No matter how old and decadent a franchise is; chances are if there is a way to bring new life into them so a new franchise can be born out of it and become the next “Avengers” or “Harry Potter” or “Hunger Games”, then someone is damn well going to do it. Peter Pan has always been a whimsical tale of tasteless boredom for me; I never saw the big deal people made out of it and I never understood how it’s been around as long as it has. Even the Disney cartoon version of it wasn’t THAT big of a deal to me. Still, Joe Wright for some reason decided that Peter Pan needed to make a colossal comeback and he figured the only thing that hasn’t already been done with the character is to weave an origin story; so he decided to make one and simply call it “Pan.” I’d probably ask if we really need a new Pan film or an origin one, but we all know we don’t need either so why not just sit back and watch where this flying pirate ship will take us.


Before he became the legend, Peter (Levi Miller) was a 12 year old orphan who lived in an abusive orphanage, until his life was changed when he was abducted by a flying pirate ship and taken to Neverland; ruled ruthlessly by the pirate lord Blackbeard (Hugh Jackman). After learning his arrival was prophesized by Blackbeard as the one who would ultimately kill him, Pan flees with the help of James Hook (Garrett Hedlund) and seeks out the tribal princess Tiger Lily (Rooney Mara). Now Pan must face his destiny as a legend in training and discover the truth about his past and ultimately; his future as the one and only Peter Pan. One thing I’m grateful for is the decision to take this film in a more adventurous, family fun kind of tone rather than making it a dark and gritty reboot that everyone else seems to be using these days. “Pan” is all about fantasy adventure, it’s like “Harry Potter” with “Pirates of the Caribbean” mixed into it.


The story gives us different new takes on popular characters we’ve known for years, we know how they’re supposed to end up and turn out but we’ve never seen the likes of Pan and Hook in a way “Pan” portrays them. It’s like were REALLY meeting these legends for the first time. Pan is given a sort of messiah plot device and it does admittedly run into a few cliché potholes as viewing the character as a legendary savior doesn’t allow him to develop or come off as anyone else other than what we already know he will become. Still, I like the idea of seeing Peter being a scared, unsure; even sometimes selfish person who is willing to jump into death’s jaws as long as he finds out about his family and caring little about who he is supposed to be. It also gives his flying powers a sense of purpose and meaningfulness; we get an idea of why he has them and how it fits into Neverland and even why he was in “our world” in the first place.

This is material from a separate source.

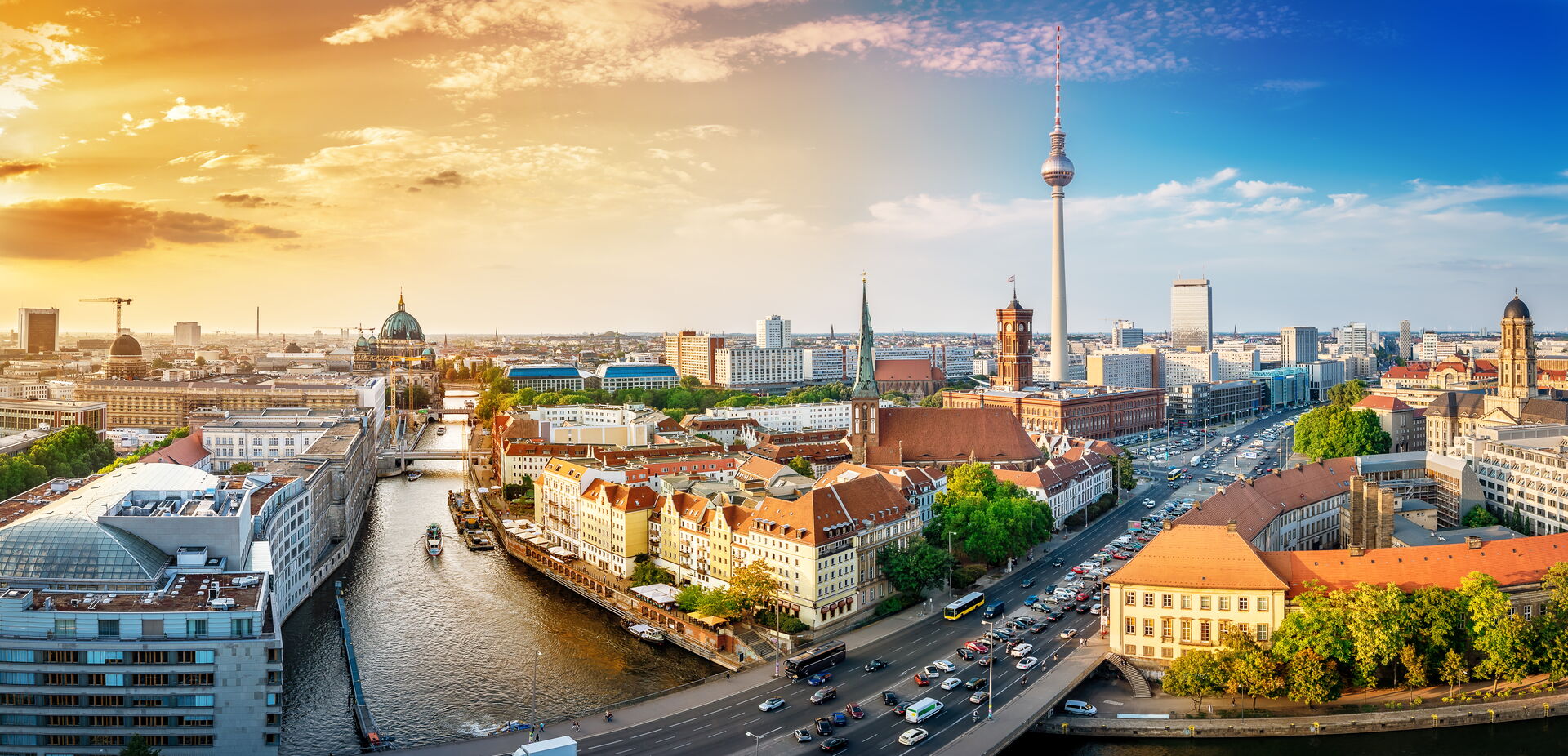 Drohnenaufnahme mit Blick zum Berliner Fernsehturm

“Pan” has a style all its own; all the pirates have distinct costumes and designs, the tribesmen have a specific way in which they move, jump and fight, even the gun powder the pirates use is mixed with bright colors. Levi Miller was a great and fitting choice for Pan, kid actors usually suck something fierce and you can’t really fault them BECAUSE they’re kids; but I actually liked this Pan, I wanted to see how he’d take this turn or how he’d react to this and that. Jackman is damn near unrecognizable as Blackbeard, his performance is leaps and bounds louder and livelier than everyone else; but that doesn’t make him any less impressive or his performance any less commendable as this pirate villain. Speaking of pirate villains, Hedlund as James Hook was quite a character. He’s completely different than any Hook we’ve ever seen and when you see him, you find it impossible this could be the same Hook…and I like that.

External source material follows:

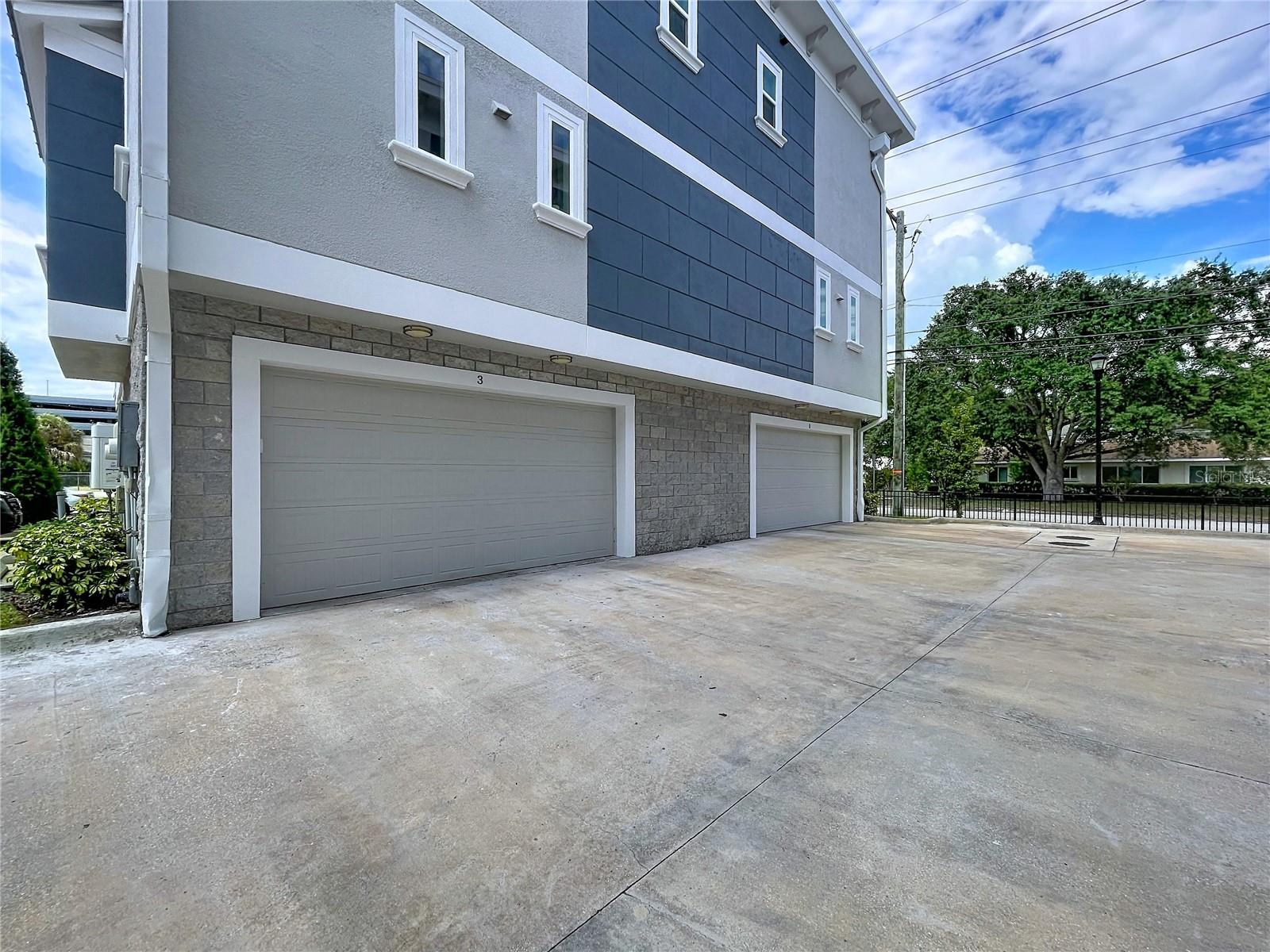 3702 W ROLAND ST #3 — photo 45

The film wisely sneaks in fun little references here and there, most of which are subtle and well handled, while others are clearly left unresolved until a hopeful sequel is greenlit. Sadly based on the film’s box office return, it seems unlikely one will ever come up and it’s a shame because I genuinely liked these characters enough to want to see HOW they end up becoming enemies and handless. I can’t say the film was too ambitious with its inklings towards a planned trilogy, it wasn’t too wrapped up in planting Easter eggs to the point they sacrificed their characters and story (unlike “Amazing Spider-man 2”). While this movie is fun, well cast and rich with entertaining values, it’s not so great that it truly warrants it’s overly expensive price tag; at least if we were judging a film’s quality by its budget…which I’m not. The only problem “Pan” suffers from is it relies too much on its target audience and hopeful “Peter Pan fans” interest in a revival to do most of the lifting work to carry this film into the mega profit margins.

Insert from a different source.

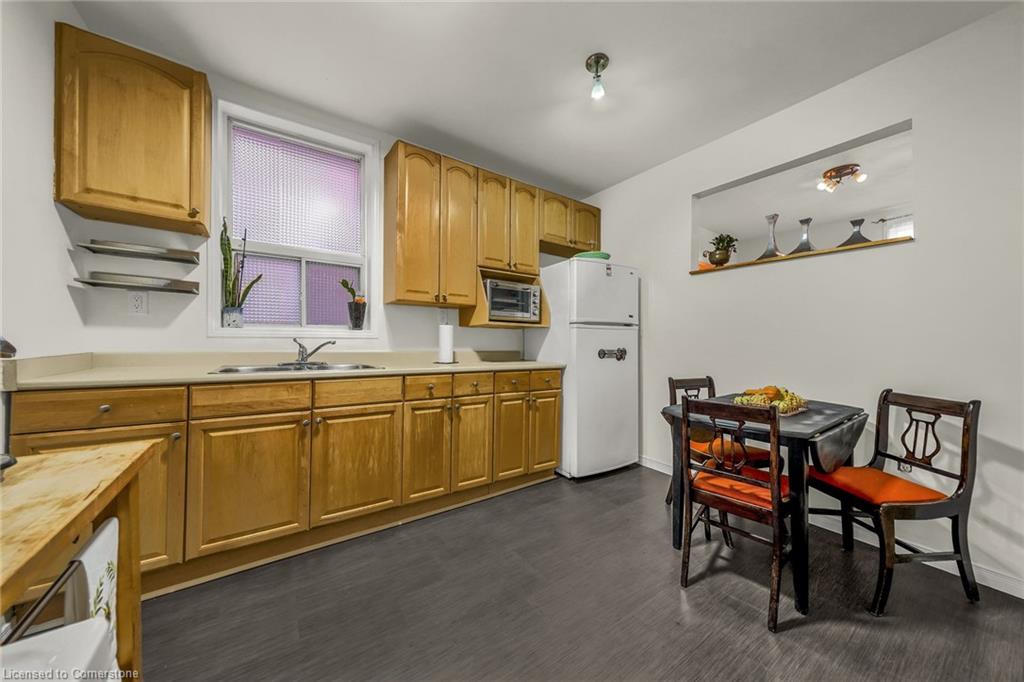19 Railway Street Property Photo 12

The fun is there, the casting is there (minus an unfortunately white washed Tiger Lily) and the potential and groundwork is all there; ready and willing to show us how these characters eventually become the legendary enemies and icons of their famous fabled story. The interest however isn’t there and is nowhere near sufficient enough to bring a sequel onboard, which is a shame because I enjoyed this enough that I want more “Pan” and genuinely think the story they had been preparing in the sequel would have been worth the budget. Overall, “Pan” is a revival/origin story that came out at the wrong time; foolishly assuming this was the right time. It sets its heights too high and a price tag just as painfully out of reach. However, I think the cast did a much better job than I expected; I care about these characters and I really do care enough to see where this journey could have gone to had they been able to continue. It’s a straight up, fun, fantasy adventure film that really could have used a bit more happy thoughts lifting it up; besides my own.